Bernanke also warned of Europe's financial crisis and uncertainty surrounding the "fiscal cliff" putting a dent in U.S. growth. (Read: Fiscal cliff: What you need to know)
Amid those concerns, the Fed extended its existing policy known as Operation Twist, and lowered its expectations for the job market and the broader U.S. economy this year.
The central bank predicts the unemployment rate will end the year between 8% and 8.2%. Just two months ago, it was more optimistic, predicting the jobless rate could fall as low as 7.8%.
"Growth in employment has slowed in recent months, and the unemployment rate remains elevated," the Fed said in an official statement.
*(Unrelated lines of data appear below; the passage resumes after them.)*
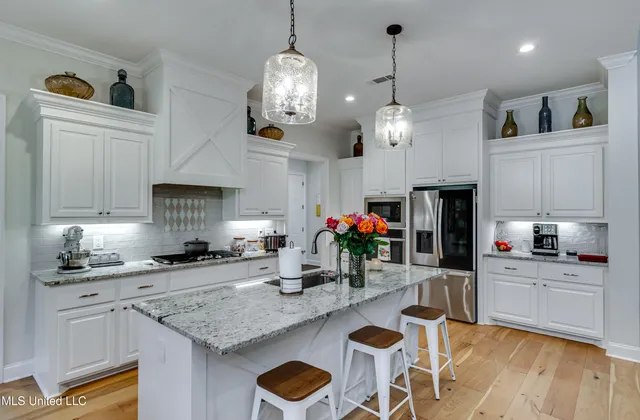 $639,900 | 758 Cotton Creek Trail, Brandon, MS 39047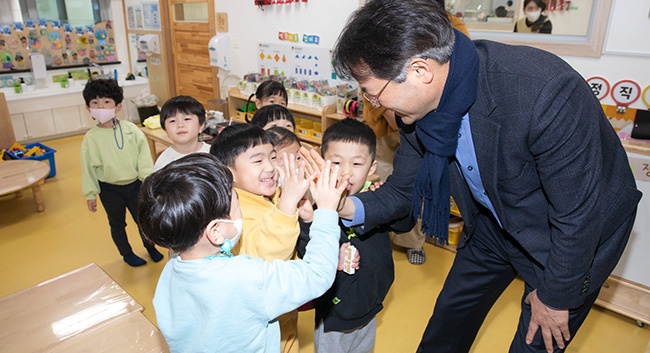 이동환 고양시장, 일산서구청 직장어린이집 방문‧격려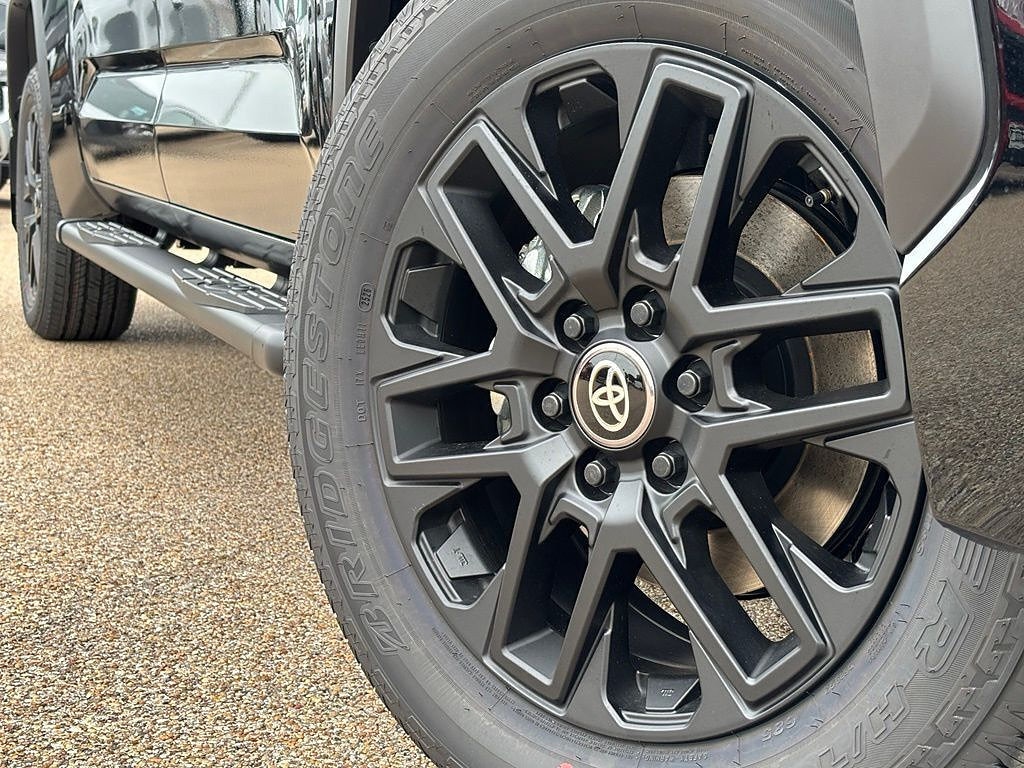 New 2026 Toyota Tundra SR5 SR5 CREWMAX 5.5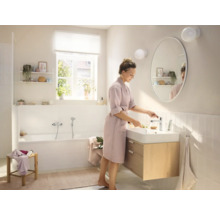 Svetlá kúpeľňa s vaňou, umývadlom a zrkadlom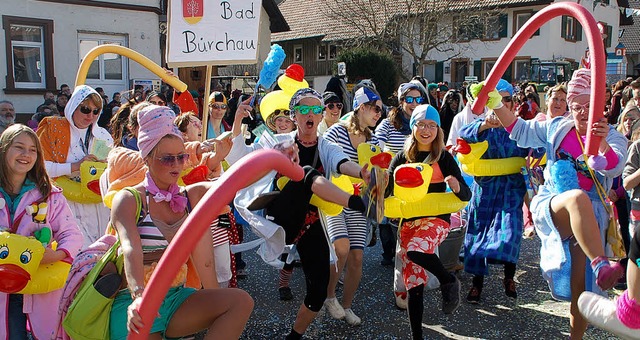 Aus dem knftigen Kurbad Brchau zogen...dete Narren tanzend durchs Nachbardorf  | Foto: Edgar Steinfelder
The Fed also sees broader weakness ahead, predicting the economy will grow between 1.9% and 2.4% this year. When the Fed met back in April, it had forecasted that the economy would grow as much as 2.9%.
That weaker outlook prompted the Fed to extend Operation Twist by $267 billion.
The program swaps short-term bonds for ones with longer durations, thereby pushing interest rates lower on mortgages and business loans. The hope is that cheaper credit will reach consumers and business, who will then boost the economy by spending more.
The effect on Main Street has been questionable though. Mortgage rates are at record lows, but even so, new home sales have been choppy and banks are still unwilling to lend to anyone with less-than-perfect credit. Small business owners are also struggling to get loans.